In such cases the woman would normally be distraught and find it difficult to find sufficient intrinsic motivating factors to get out of her slump/depression. As such, it would be necessary to utilize some form extrinsic motivation to convince her to carry on with her life. This can come in the form of focusing on her children, career or other such external motivating strategies (Joosten, Bundy & Einfeld, 2009).
Social influences have the potential to create both positive and negative outcomes based on the ethos behind their creation. What must be understood is that Ethos refers to the way in which a person portrays themselves in an argument, in a sense that it is a method in which persuaders present an “image” to people that they are attempting to persuade (Stirling & Felin, 2013).

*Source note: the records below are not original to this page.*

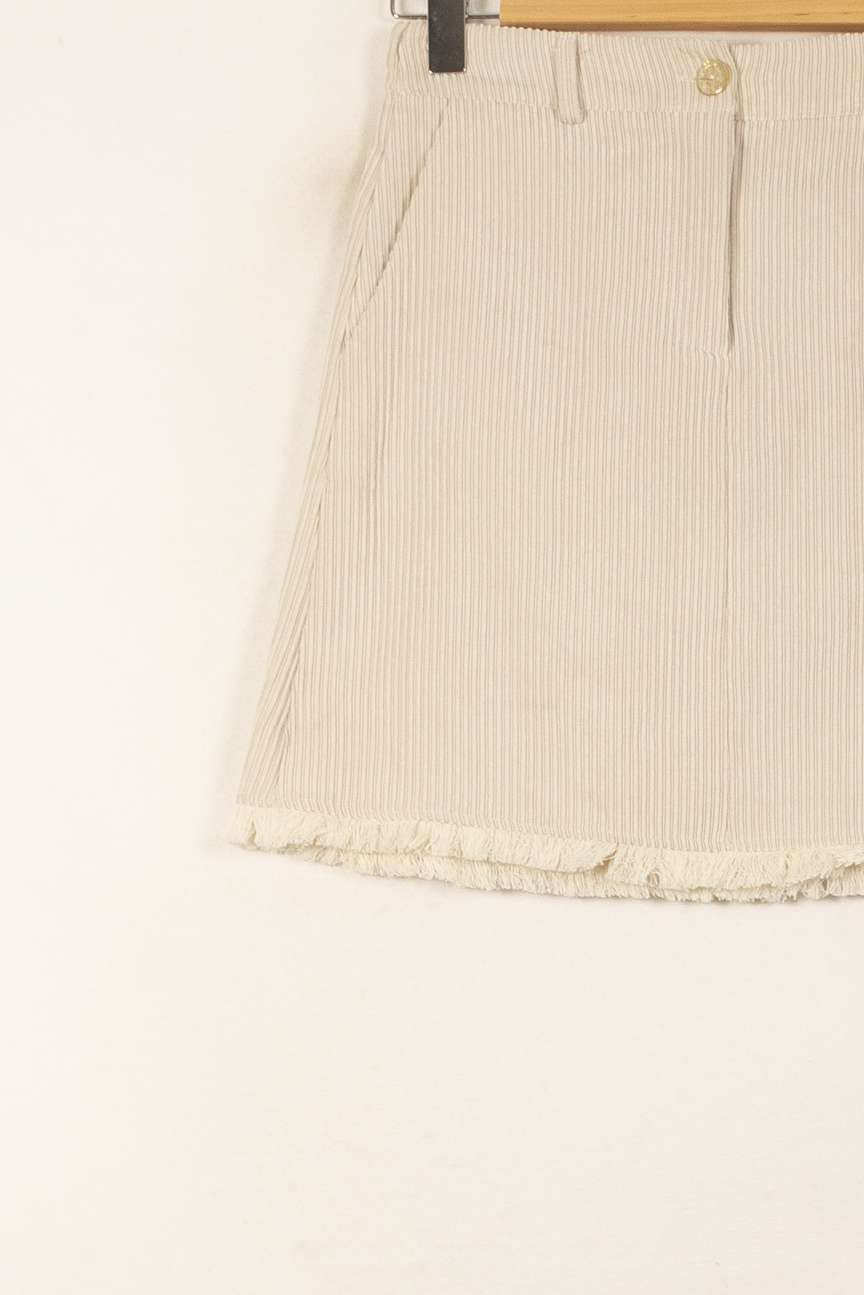 Jupe Courte Beige - Taille XS/34 de la marque Imprevu | PARAD58275 - Vendu par Paradigme - Image 3
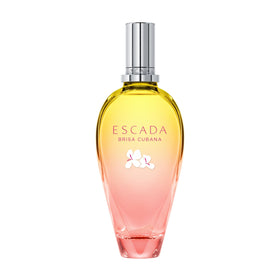 Escada Brisa Cubana Women's Eau de Toilette front view with sunkissed orange gradient bottle
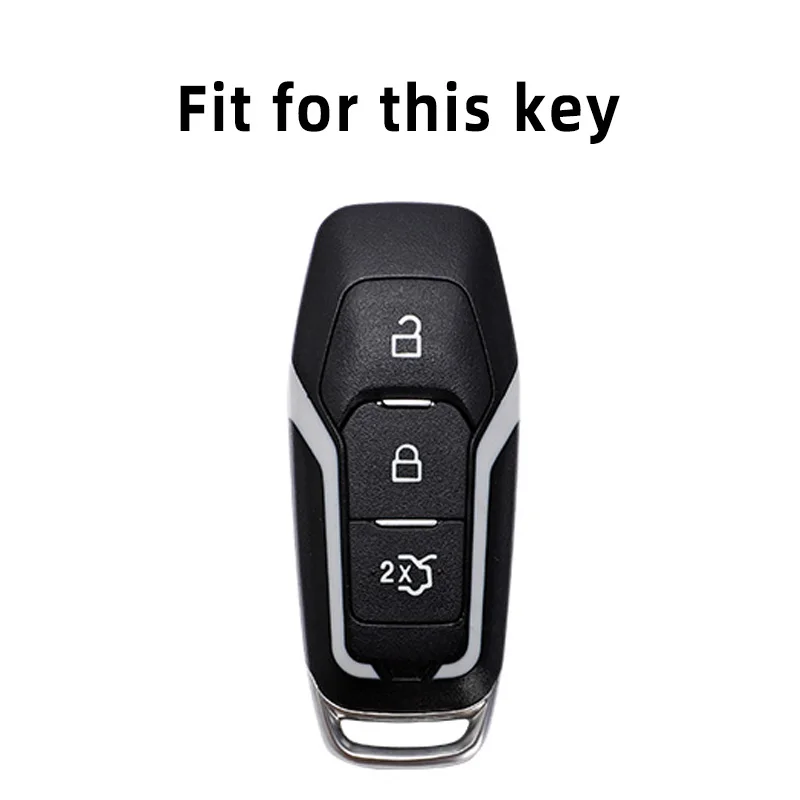 สำหรับ Ford Focus 3 4 ST Mondeo 5 MK5 Mustang F-150 Explorer Edge Fiesta Kuga MK3 TPU หุ้มกุญแจรถ Shell fob อุปกรณ์เสริม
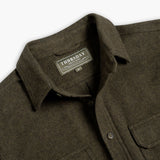 Summit Flannel Shirt | Olive Herringbone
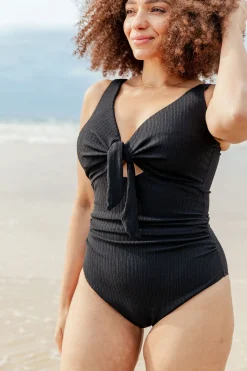 Noosa Tie One Piece in Black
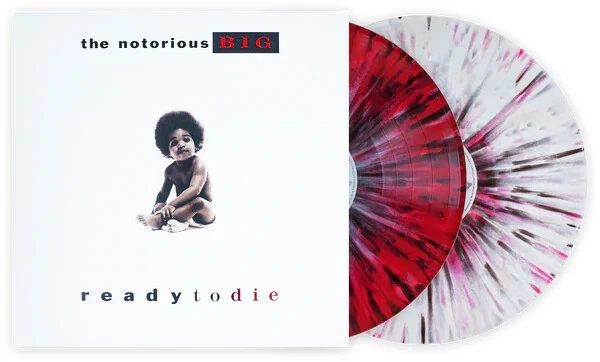 THE NOTORIOUS BIG READY TO DIE VINYL NEW! LIMITED RED+WHITE W/ SPLATTER LP JUICY - Image 1 of 1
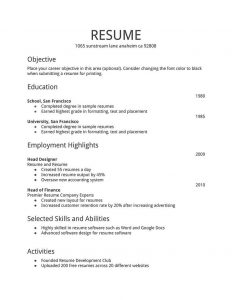 easy resume template baffaeddeb simple resume template resume templates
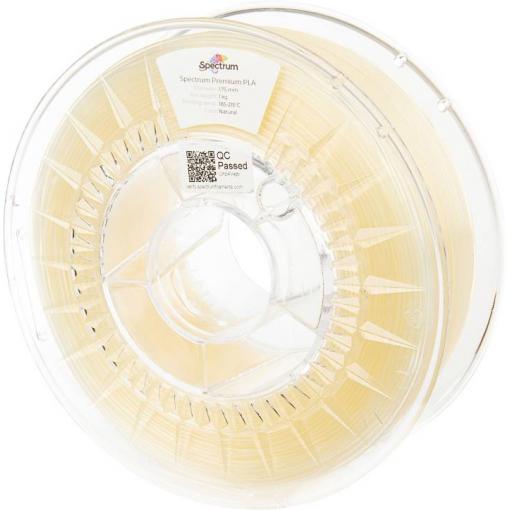 Spectrum Filaments 80010 PLA Premium vlákno pro 3D tiskárny PLA plast Vysoká pevnost v tahu 1.75 mm 1000 g přírodní 1 ks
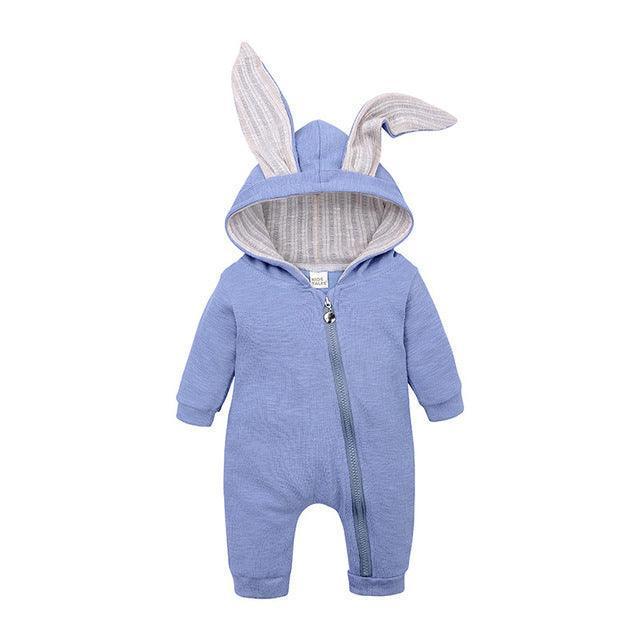 Bunny Ear Hooded Romper - Belle Baby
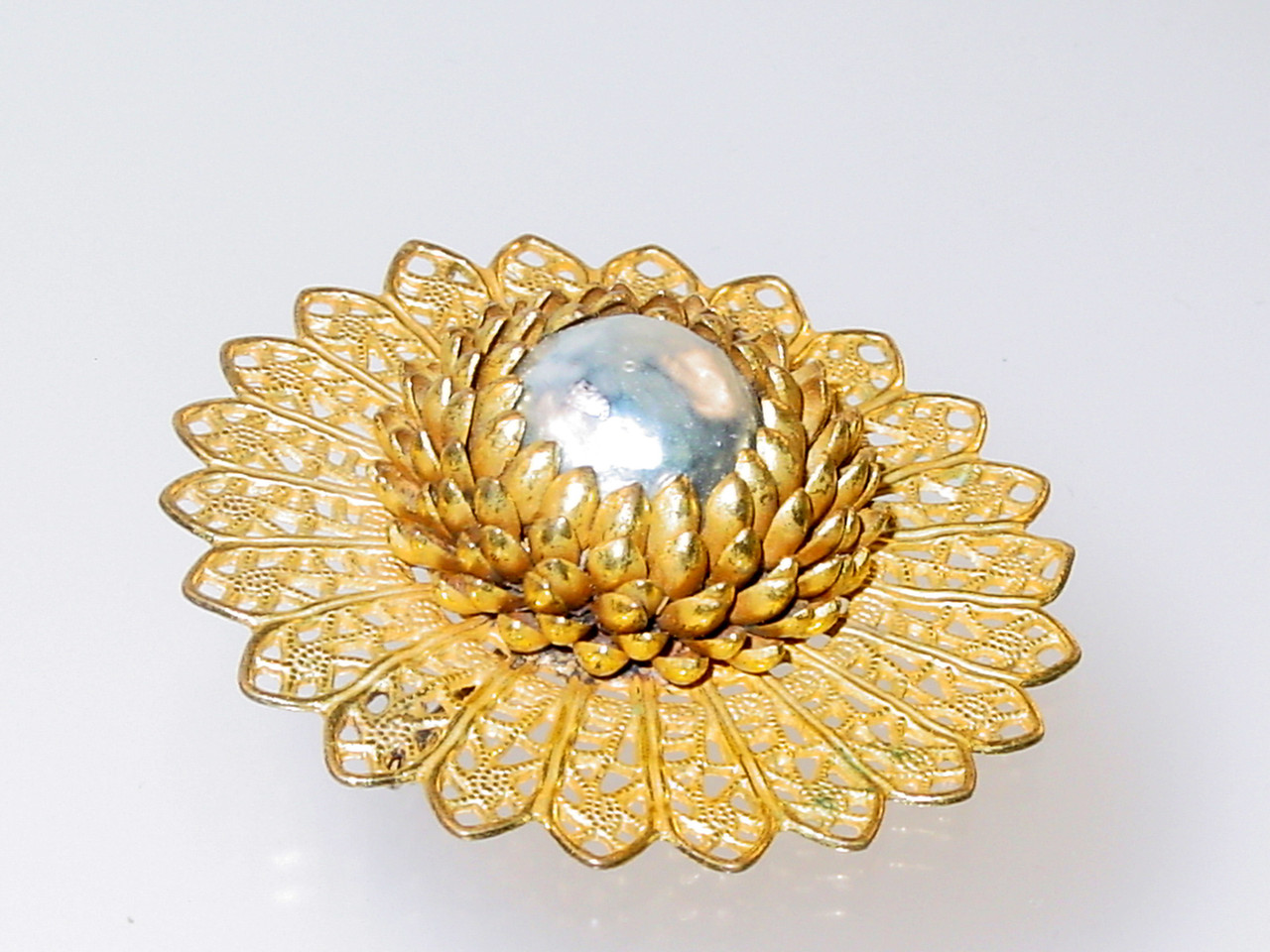 Miriam Haskell Faux Mabe Pearl Brooch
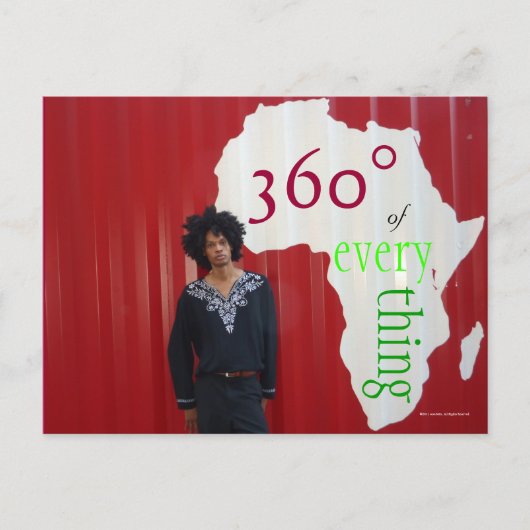 Briefkaart Zan360x Afrika 360° (Voorkant)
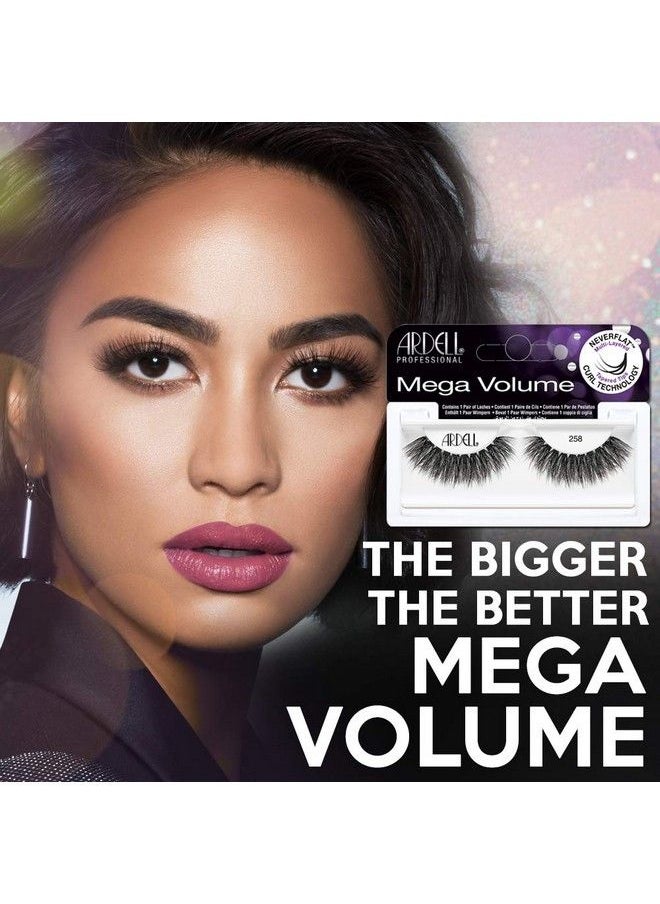 ARDELL - Mega Volume Lash 258 MultiLayered False Lashes with Curl Technology 4 pairs - Image 1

This particular “image” refers to a persuaders “character” in the sense that a person is attempting to persuade another person of the righteousness of their statements based on their inherent character. Through the work of Mcshane, Bradlow & Berger (2012), it can be seen that social influences utilize a variety of ethos as a means of justifying their intended outcomes.
Normally, such ethoses are presented in such a way that they appeal to a wide audience and focus on a specific trait or idea that people can rally behind. In certain cases it may even be utilized as a means of explaining a problem by showcasing how it started in the first place. Such instances can be seen in the case of numerous anti-immigration polices around the world wherein the blame for high rates of unemployment are placed on them despite the true cause being a sagging economy.
However, people are all too ready to accept such a social influence since it enables them to direct their ire against an immediate and feasible outlet instead of an abstract and hard to understand concept (i.e. economic activity). It is in the way that social influences are packaged and presented to the public under varying types of ethos that changes the perception of the public to the idea that is being presented.
The method in which the idea is “packaged” drastically changes the perception of the audience towards accepting the idea itself or the validity of its statements (Stirling & Felin, 2013). While the previous example shows the adverse potential of social influences, it should also be noted that ethos can be utilized to promote righteous causes.
For example, the current environmental conservation movement is a type of social influence that was brought about by the ethos of the need to protect the environment for future generations. Such a social influence has resulted in a gradual change in societal perceptions regarding proper utilization of renewable and nonrenewable resources. The end resulting has been a positive social influence which has preserved the environment for future generations.
When taking both factors into consideration, it can be seen that while social influences do have the potential to create negative ramifications in society, they can also act as a means of positive social behavior. This all depends on the type of ethos that is at the core of the societal influence that is being implemented.
Hayenga, A., & Corpus, J. (2010). Profiles of intrinsic and extrinsic motivations: A person-centered approach to motivation and achievement in middle school. Motivation & Emotion, 34(4), 371-383.
Joosten, A., Bundy, A., & Einfeld, S. (2009). Intrinsic and Extrinsic Motivation for Stereotypic and Repetitive Behavior. Journal Of Autism & Developmental Disorders, 39(3), 521-531.
Mcshane, B., Bradlow, E., & Berger, J. (2012). Visual Influence and Social Groups. Journal Of Marketing Research (JMR), 49(6), 854-871.
Stirling, W. C., & Felin, T. (2013). Game Theory, Conditional Preferences, and Social Influence. Plos ONE, 8(2), 1-11.